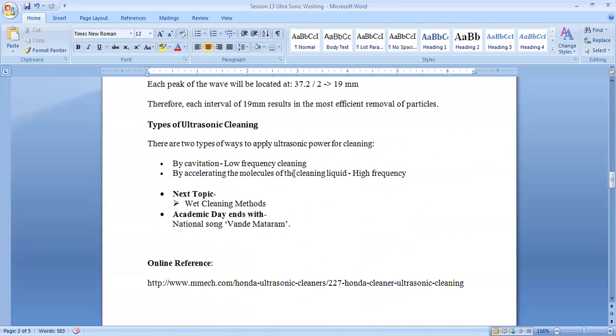There are two types of ultrasonic cleaning. One is the cavitation method, which is low-frequency cleaning and very effective. Another is by accelerating the molecules of the cleaning liquid, which is high-frequency.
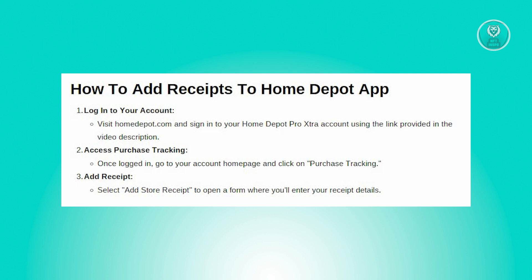To add your Home Depot receipts, the first thing you need to do is open up the Home Depot website. Visit homedepot.com and log in to your Home Depot Pro Extra account.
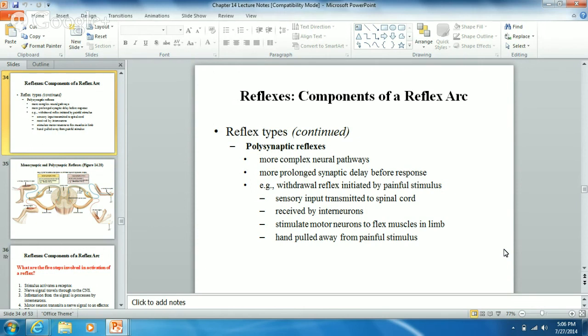You've also got a polysynaptic reflex, which is a lot more complex — you have two or more synapses involved. This is where you have a sensory neuron synapsing on an interneuron, and an interneuron synapsing on a motor neuron, creating multiple synapses. Usually this is when sensory information goes to the spinal cord, and the spinal cord sends out motor commands toward effectors while simultaneously sending the incoming sensory information up to the brain.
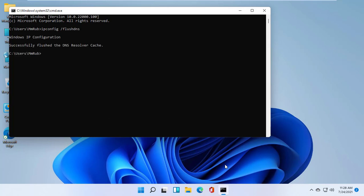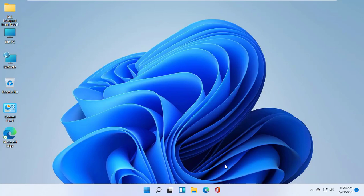Now restart the computer. Thanks for watching this video. Hope you like this. Please subscribe to my channel and give a like. Take care.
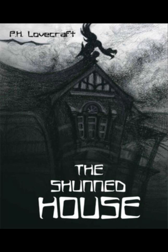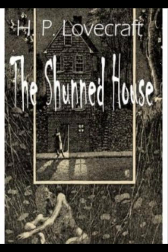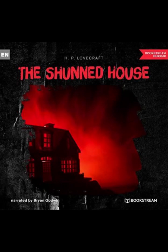The climax of the story is marked by a desperate attempt to cleanse the house of its malign influence. The protagonist and Dr. Whipple devise a plan to eradicate the source of the supernatural occurrences, believing it to be linked to a mysterious yellow vapor they have observed. Their efforts, however, culminate in tragedy. Dr. Whipple succumbs to the house's malevolent power, and the protagonist is left grappling with the horrifying realization that the evil they sought to eliminate is far more pervasive and insidious than they had imagined.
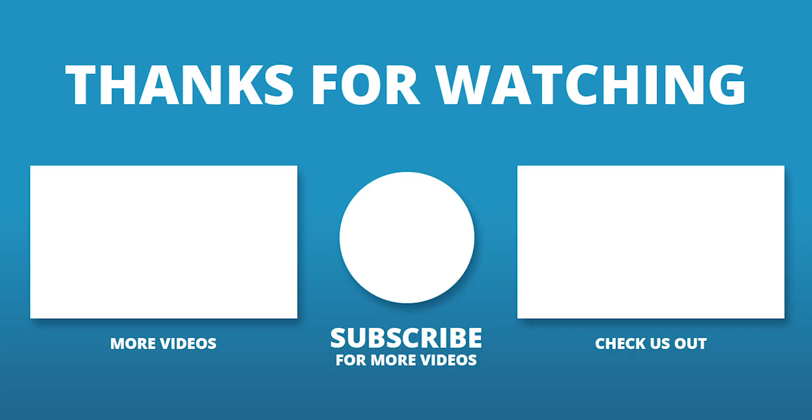If you're ready to start building your own web forms, head on over to formassembly.com/join by clicking the link in the description below to start your free trial and try out the form builder today.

* **Prompt**:
Above are some records. Reproduce the lines from the one with "You've also got" down to the one with "Now restart the", keeping both, and leave every picture out.

* **Task response**:
You've also got a polysynaptic reflex, which is a lot more complex — you have two or more synapses involved. This is where you have a sensory neuron synapsing on an interneuron, and an interneuron synapsing on a motor neuron, creating multiple synapses. Usually this is when sensory information goes to the spinal cord, and the spinal cord sends out motor commands toward effectors while simultaneously sending the incoming sensory information up to the brain.
Now restart the computer. Thanks for watching this video. Hope you like this. Please subscribe to my channel and give a like. Take care.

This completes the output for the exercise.